[[ DATA SHOWN, beginning ]]

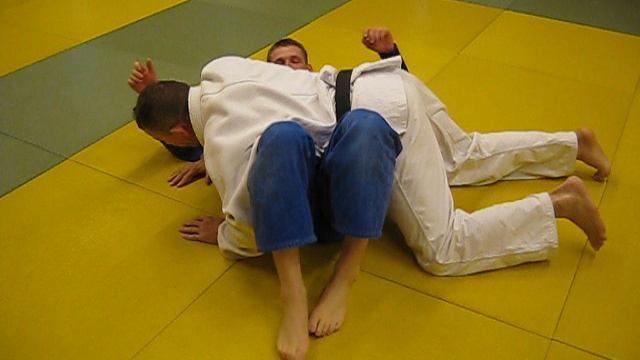 2017 год. Начинаем спину вправо, продолжаем посадкой правой.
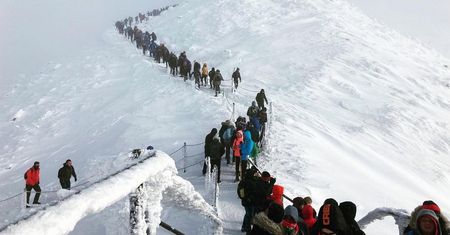 Śnieżka oblegana w słoneczne zimowe weekendy. "Jest skazana na popularność"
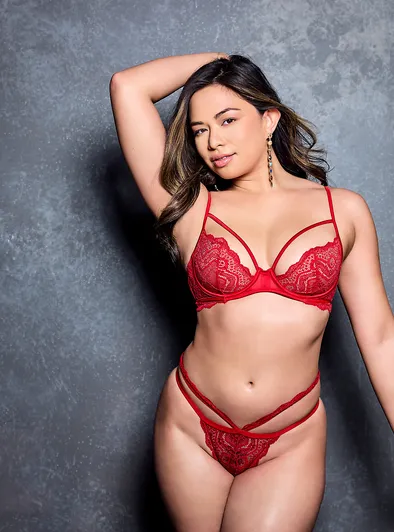 Cookie and Scarlett’s Sexy Game Night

[[ DATA SHOWN, end ]]

_WHAT IS REQUIRED:_
Please reproduce the lines exactly from the one containing "Śnieżka oblegana w" through the last line of the data above, and keep the pictures out.

_SOLUTION TO THE EXERCISE:_
 Śnieżka oblegana w słoneczne zimowe weekendy. "Jest skazana na popularność"
 Cookie and Scarlett’s Sexy Game Night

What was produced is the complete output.